The four other reasons given are federal policy, local elected leaders, and the home builders/road builders who reaped the rewards from the elected's largesse.

These elements are not unique to a metropolitan area such as Detroit. Many are at play here in south Florida. We can thank Florida's growth management apparatus that operated (past tense) to mandate at least some level of state and regional oversight for growth and development. Michigan never had such a state agency. Regional planning was an afterthought there.

My school district as a youngster in suburban Lansing, Michigan projected a high school population of 10,000 people when it built its new high school in the late 1950s. To accommodate that future growth it was built into different "modules" so that new buildings could be added to the campus over time. That resulted in having to walk between buildings to get to your next class. This was especially fun in February when the wind chill was −40°F. When I graduated from high school the total enrollment was 1,200. The anticipated growth never arrived but the roads and other infrastructure went ahead anyway.

One other factor that portended the future was the impact of the oil crisis of the 1970s and the domestic auto industry being slow to react. Fuel prices are market driven; when supplies are plentiful few plan for a future when they're not.

A question we need to ask ourselves here in south Florida is why do we keep developing land "out west" for new, greenfield development? Why are we following the same steps that have led to the collapse of entire regions? We don't have to research ancient societies on other continents for answers—what happened to Detroit in the late 20th Century is clear enough.

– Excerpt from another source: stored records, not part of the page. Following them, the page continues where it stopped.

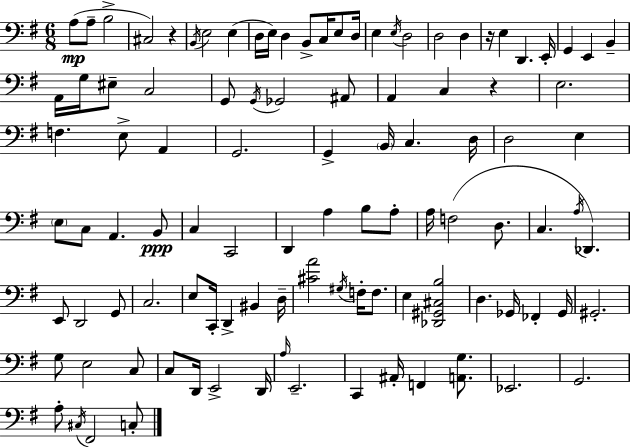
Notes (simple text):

A3/e A3/e B3/h C#3/h R/q B2/s E3/h E3/q D3/s E3/s D3/q B2/e C3/s E3/e D3/s E3/q E3/s D3/h D3/h D3/q R/s E3/q D2/q. E2/s G2/q E2/q B2/q A2/s G3/s EIS3/e C3/h G2/e G2/s Gb2/h A#2/e A2/q C3/q R/q E3/h. F3/q. E3/e A2/q G2/h. G2/q B2/s C3/q. D3/s D3/h E3/q E3/e C3/e A2/q. B2/e C3/q C2/h D2/q A3/q B3/e A3/e A3/s F3/h D3/e. C3/q. A3/s Db2/q. E2/e D2/h G2/e C3/h. E3/e C2/s D2/q BIS2/q D3/s [C#4,A4]/h G#3/s F3/s F3/e. E3/q [Db2,G#2,C#3,B3]/h D3/q. Gb2/s FES2/q Gb2/s G#2/h. G3/e E3/h C3/e C3/e D2/s E2/h D2/s A3/s E2/h. C2/q A#2/s F2/q [A2,G3]/e. Eb2/h. G2/h. A3/e C#3/s F#2/h C3/e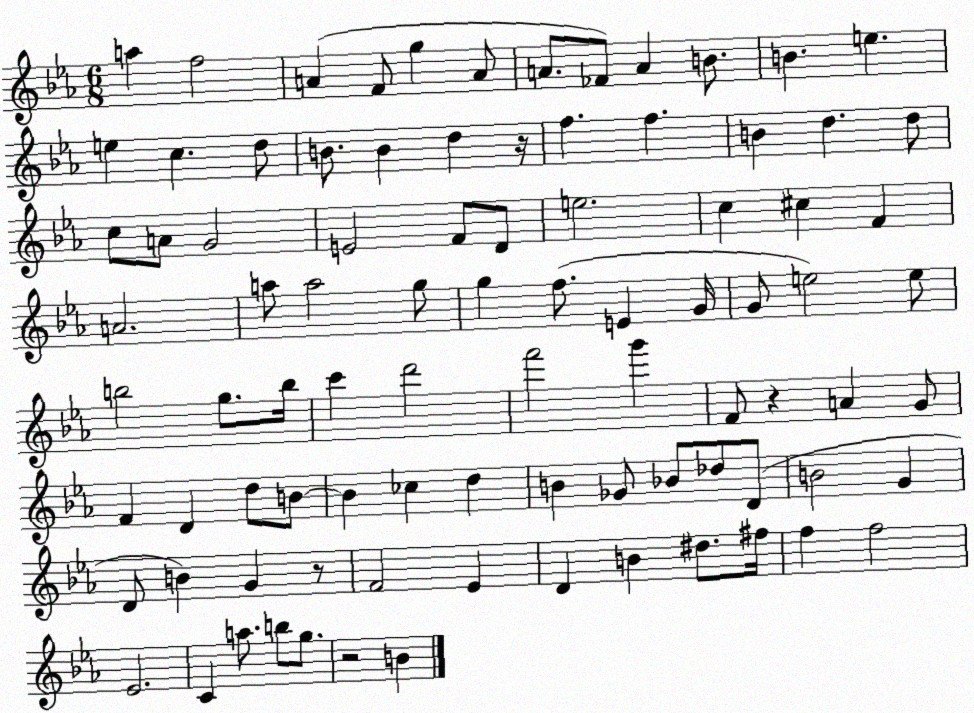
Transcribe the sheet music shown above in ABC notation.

X:1
T:Untitled
M:6/8
L:1/4
K:Eb
a f2 A F/2 g A/2 A/2 _F/2 A B/2 B e e c d/2 B/2 B d z/4 f f B d d/2 c/2 A/2 G2 E2 F/2 D/2 e2 c ^c F A2 a/2 a2 g/2 g f/2 E G/4 G/2 e2 e/2 b2 g/2 b/4 c' d'2 f'2 g' F/2 z A G/2 F D d/2 B/2 B _c d B _G/2 _B/2 _d/2 D/2 B2 G D/2 B G z/2 F2 _E D B ^d/2 ^f/4 f f2 _E2 C a/2 b/2 g/2 z2 B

It's estimated that 800 people are moving permanently to Florida each and every day on average. We should be encouraging these new residents towards our older, coastal communities and Lake Worth is one of those. Lake Worth is a bikeable and walkable city that was designed and platted prior to the automobile becoming the dominant transportation choice, pre-I95, pre-Turnpike, and pre-Uber too if you can believe that.

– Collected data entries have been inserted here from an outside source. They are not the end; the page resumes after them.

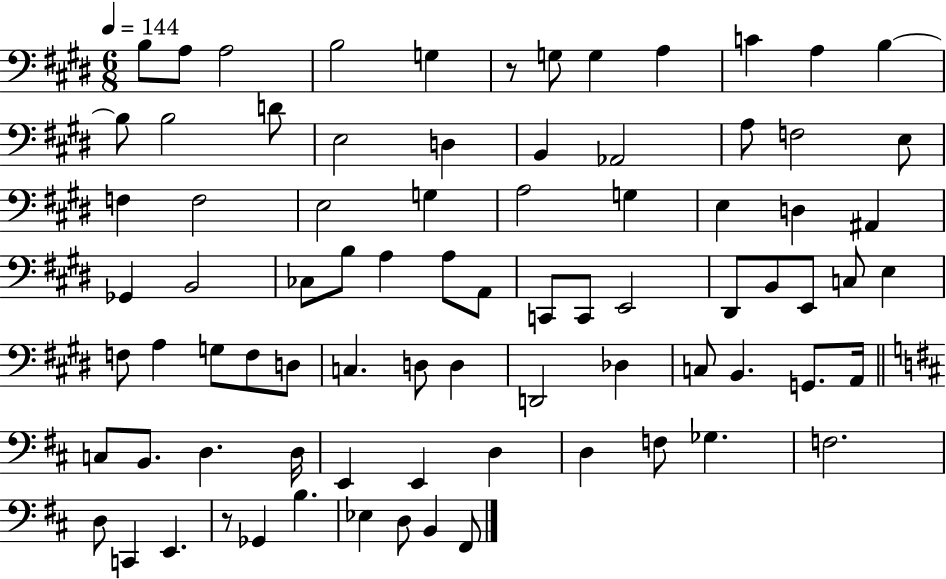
X:1
T:Untitled
M:6/8
L:1/4
K:E
B,/2 A,/2 A,2 B,2 G, z/2 G,/2 G, A, C A, B, B,/2 B,2 D/2 E,2 D, B,, _A,,2 A,/2 F,2 E,/2 F, F,2 E,2 G, A,2 G, E, D, ^A,, _G,, B,,2 _C,/2 B,/2 A, A,/2 A,,/2 C,,/2 C,,/2 E,,2 ^D,,/2 B,,/2 E,,/2 C,/2 E, F,/2 A, G,/2 F,/2 D,/2 C, D,/2 D, D,,2 _D, C,/2 B,, G,,/2 A,,/4 C,/2 B,,/2 D, D,/4 E,, E,, D, D, F,/2 _G, F,2 D,/2 C,, E,, z/2 _G,, B, _E, D,/2 B,, ^F,,/2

But instead politics, pandering, and short-sighted leaders get bogged down in arguments about 3-story buildings versus the charming 2-story variety and whether a developer should install gates or use hedges instead and on and on it goes. The gullible public gets furiously excited like hamsters on a spinning wheel and when they get tired or distracted their puppet masters yell "sea level rise!" or "somebody's trying to steal our BEACH!".

Meanwhile the Florida Everglades are getting paved over and another Lake Worth-sized city is planned between I-95 and the Florida Turnpike. Sad.